American Airlines was the first airline with a paperless cockpit, and now American’s cabins are also paperless. The airline is the first mainline carrier to provide flight attendants with electronic manuals, accessible through a handheld tablet.
“The accessibility and functionality that the tablet provides our flight attendants will greatly improve their work environment,” said Hector Adler, vice president of Flight Service for American Airlines.
“The tablet allows us to reduce our dependency on paper products and to share important safety information with our flight attendants more quickly. This is a very exciting and important milestone for all of us at American as we modernize our processes and provide our employees with the best tools to do their job, and provide better service to our customers.”

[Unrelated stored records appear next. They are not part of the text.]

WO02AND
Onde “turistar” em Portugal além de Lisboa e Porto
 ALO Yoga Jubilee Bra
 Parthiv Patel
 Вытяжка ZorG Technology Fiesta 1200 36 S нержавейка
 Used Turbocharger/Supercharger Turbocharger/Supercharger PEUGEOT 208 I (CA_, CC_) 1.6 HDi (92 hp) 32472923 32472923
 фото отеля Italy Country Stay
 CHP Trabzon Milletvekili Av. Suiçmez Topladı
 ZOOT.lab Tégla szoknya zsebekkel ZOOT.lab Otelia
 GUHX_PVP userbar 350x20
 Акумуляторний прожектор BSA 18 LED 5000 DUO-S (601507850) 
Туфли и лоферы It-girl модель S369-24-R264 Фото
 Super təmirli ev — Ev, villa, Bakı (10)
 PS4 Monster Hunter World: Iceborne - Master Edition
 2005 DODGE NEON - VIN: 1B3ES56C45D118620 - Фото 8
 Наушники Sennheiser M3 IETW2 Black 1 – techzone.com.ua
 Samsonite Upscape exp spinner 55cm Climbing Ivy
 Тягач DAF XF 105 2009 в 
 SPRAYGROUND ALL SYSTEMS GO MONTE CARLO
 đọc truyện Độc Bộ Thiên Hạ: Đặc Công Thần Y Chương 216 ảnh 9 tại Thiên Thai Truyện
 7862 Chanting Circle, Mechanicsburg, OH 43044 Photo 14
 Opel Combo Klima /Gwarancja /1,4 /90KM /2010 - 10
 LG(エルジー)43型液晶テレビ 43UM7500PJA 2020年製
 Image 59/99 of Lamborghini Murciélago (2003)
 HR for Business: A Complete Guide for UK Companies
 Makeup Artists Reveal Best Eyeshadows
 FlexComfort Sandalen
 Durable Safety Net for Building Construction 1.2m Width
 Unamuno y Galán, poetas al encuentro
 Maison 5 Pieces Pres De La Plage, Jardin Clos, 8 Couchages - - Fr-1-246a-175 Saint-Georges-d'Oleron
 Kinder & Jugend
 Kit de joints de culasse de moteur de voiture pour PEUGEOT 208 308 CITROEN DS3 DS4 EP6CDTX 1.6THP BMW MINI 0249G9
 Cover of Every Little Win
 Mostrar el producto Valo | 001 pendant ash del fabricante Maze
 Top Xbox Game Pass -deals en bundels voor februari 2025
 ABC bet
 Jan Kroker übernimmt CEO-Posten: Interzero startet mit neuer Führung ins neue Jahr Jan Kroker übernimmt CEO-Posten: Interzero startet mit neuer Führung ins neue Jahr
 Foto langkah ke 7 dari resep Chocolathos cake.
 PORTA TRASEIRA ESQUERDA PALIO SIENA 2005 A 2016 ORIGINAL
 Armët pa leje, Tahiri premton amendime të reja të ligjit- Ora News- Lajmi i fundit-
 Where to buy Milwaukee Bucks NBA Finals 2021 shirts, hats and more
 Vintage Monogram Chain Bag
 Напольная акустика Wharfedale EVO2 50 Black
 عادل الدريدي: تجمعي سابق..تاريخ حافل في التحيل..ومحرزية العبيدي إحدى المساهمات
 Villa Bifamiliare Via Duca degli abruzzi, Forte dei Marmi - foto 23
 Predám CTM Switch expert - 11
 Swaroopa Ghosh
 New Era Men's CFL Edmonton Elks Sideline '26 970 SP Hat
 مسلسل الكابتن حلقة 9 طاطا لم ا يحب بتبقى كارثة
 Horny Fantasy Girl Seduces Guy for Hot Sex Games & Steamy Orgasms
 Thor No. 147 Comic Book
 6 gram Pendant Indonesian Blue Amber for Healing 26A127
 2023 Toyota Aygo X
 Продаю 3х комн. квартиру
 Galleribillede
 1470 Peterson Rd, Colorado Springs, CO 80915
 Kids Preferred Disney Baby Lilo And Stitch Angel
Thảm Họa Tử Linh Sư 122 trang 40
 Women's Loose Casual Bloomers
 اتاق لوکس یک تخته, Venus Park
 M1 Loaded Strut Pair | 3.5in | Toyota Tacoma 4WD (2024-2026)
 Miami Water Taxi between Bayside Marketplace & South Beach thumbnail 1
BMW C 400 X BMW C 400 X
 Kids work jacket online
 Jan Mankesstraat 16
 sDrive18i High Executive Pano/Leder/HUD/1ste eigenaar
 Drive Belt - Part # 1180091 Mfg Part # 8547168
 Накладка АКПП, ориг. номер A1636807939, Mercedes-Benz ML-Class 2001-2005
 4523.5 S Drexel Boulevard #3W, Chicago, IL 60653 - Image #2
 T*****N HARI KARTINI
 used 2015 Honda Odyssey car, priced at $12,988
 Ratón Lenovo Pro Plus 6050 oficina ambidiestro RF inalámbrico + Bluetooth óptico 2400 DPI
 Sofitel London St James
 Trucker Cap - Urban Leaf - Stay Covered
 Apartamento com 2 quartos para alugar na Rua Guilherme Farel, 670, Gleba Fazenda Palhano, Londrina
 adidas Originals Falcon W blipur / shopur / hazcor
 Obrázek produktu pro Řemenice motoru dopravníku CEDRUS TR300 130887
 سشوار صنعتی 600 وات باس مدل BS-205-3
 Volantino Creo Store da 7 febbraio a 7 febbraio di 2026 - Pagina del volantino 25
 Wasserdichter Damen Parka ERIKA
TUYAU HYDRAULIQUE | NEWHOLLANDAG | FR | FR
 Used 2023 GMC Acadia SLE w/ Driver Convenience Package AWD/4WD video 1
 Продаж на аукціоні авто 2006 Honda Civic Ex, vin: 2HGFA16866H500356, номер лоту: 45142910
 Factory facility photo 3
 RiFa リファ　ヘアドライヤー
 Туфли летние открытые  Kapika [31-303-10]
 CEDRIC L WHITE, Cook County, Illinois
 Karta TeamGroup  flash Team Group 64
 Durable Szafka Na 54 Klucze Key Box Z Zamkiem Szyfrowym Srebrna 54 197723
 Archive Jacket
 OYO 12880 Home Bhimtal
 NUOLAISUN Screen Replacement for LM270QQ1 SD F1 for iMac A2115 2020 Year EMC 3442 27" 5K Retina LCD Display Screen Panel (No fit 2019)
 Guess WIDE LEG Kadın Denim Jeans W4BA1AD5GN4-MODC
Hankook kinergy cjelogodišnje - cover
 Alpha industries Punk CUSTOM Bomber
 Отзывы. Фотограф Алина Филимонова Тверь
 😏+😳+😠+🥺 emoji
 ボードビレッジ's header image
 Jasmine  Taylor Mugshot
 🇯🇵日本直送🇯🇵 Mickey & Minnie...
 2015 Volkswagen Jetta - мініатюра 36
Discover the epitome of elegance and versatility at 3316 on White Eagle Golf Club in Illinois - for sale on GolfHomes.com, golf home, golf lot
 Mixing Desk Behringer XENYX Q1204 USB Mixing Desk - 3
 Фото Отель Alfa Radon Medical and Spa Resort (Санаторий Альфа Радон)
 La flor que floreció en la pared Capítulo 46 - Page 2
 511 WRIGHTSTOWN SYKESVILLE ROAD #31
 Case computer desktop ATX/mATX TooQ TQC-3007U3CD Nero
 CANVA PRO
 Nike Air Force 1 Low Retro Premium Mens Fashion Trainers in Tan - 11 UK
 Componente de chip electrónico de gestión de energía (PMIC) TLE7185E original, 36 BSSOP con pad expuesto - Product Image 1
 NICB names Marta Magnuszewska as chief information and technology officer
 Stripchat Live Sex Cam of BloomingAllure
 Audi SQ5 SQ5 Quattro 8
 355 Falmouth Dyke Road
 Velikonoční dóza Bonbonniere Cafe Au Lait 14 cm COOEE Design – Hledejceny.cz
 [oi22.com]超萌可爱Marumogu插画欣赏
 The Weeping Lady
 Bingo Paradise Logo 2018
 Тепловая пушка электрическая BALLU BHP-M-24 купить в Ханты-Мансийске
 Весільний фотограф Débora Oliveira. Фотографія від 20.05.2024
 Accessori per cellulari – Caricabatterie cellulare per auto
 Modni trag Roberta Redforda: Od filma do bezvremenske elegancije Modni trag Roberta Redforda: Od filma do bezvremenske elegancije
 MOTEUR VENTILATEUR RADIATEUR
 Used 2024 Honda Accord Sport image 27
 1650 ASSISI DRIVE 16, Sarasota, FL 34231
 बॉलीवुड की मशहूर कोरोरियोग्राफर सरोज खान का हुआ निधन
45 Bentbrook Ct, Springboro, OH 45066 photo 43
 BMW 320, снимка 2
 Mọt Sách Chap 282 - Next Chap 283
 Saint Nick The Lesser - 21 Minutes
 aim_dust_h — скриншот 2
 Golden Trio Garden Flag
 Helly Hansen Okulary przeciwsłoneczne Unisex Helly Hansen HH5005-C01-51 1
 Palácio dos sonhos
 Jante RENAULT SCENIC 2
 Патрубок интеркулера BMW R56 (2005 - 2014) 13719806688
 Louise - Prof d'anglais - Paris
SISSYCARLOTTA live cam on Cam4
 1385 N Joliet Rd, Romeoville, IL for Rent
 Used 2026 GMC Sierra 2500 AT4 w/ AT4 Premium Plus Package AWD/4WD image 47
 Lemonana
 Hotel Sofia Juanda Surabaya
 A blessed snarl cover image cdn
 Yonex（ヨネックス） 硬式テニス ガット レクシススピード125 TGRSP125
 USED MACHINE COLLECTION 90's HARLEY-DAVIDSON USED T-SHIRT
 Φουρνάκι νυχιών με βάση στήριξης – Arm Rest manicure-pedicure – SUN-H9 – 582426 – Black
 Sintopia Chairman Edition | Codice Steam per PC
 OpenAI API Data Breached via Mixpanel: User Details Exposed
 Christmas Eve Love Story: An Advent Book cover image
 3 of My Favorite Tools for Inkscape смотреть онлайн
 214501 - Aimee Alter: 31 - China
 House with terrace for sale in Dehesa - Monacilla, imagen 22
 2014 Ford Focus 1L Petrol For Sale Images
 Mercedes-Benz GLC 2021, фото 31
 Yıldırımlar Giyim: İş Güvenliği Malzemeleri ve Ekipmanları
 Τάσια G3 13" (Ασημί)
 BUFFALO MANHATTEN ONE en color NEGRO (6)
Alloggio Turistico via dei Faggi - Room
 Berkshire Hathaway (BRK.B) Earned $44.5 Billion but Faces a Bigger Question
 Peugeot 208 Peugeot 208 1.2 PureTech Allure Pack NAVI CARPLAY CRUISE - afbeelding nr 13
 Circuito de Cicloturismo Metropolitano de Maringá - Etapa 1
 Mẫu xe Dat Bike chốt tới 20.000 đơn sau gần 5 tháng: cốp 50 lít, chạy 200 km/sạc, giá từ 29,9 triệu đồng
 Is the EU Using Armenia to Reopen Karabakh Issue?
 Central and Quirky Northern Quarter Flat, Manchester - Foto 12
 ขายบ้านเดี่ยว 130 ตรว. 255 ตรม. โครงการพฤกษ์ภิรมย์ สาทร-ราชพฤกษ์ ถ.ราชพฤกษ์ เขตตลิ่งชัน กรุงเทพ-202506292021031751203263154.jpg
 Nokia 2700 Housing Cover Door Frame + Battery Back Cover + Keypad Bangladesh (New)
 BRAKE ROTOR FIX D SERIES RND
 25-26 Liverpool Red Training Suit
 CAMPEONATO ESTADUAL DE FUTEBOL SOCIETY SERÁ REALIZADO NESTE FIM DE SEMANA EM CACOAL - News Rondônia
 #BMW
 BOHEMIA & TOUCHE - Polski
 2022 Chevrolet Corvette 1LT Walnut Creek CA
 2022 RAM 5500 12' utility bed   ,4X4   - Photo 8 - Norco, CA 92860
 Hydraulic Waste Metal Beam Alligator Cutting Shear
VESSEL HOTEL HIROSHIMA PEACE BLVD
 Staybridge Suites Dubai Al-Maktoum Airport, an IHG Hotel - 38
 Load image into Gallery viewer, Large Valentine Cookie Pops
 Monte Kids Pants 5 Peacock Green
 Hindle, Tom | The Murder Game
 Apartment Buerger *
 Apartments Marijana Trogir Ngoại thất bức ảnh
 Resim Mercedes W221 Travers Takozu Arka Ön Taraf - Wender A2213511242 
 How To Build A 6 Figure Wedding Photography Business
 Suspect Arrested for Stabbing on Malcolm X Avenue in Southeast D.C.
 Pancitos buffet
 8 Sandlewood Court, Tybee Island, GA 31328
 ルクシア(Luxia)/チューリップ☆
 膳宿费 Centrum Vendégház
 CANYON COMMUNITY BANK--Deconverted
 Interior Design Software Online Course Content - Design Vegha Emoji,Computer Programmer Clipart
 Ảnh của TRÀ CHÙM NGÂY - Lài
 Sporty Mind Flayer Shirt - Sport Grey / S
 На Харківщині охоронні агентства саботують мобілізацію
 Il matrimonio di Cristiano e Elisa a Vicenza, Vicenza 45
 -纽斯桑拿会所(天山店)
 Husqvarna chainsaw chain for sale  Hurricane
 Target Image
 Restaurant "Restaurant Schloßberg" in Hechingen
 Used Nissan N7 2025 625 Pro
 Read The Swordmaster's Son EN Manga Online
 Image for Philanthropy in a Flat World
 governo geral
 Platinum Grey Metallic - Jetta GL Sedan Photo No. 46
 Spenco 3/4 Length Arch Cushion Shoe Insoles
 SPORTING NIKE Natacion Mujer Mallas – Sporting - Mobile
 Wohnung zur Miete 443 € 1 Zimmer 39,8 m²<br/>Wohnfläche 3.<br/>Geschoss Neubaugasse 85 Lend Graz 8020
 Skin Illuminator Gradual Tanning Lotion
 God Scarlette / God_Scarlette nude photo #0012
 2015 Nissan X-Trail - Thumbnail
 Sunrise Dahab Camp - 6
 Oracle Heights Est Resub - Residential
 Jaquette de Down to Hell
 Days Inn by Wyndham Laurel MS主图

American no longer relies on printing and shipping updates for flight attendant manuals, saving the company $300,000 annually. As a result, flight attendants can now update their manuals in a matter of minutes and search for items in seconds, improving work efficiencies. Switching to the lightweight 5.3-inch Samsung tablet from the nearly 5-lb. paper manual will save the company nearly $650,000 in fuel annually based on current fuel prices.
The tablets also will help reduce the amount of carbon dioxide emissions by 2100 metric tons – or 4.6 million pounds annually.
American’s flight attendants began using eManuals exclusively on Sept. 1, after a six-month test-evaluation period, with oversight from the FAA. In addition to the manual, the tablet provides real-time updates to flight attendants about premium customers, special meals, connection gates, special services and other information.
American’s first flight attendant training class that trained solely on the tablet will graduate in October. The eManuals will roll out to US Airways flight attendants after the two carriers achieve a Single Operating Certificate, planned for mid-2015.
American’s pilots were the first to use an Electronic Flight Bag through all phases of flight. The 1.2 pound iPad replaced a 35-pound kitbag, cutting the risk of injury and saving an estimated $1.2 million of fuel annually.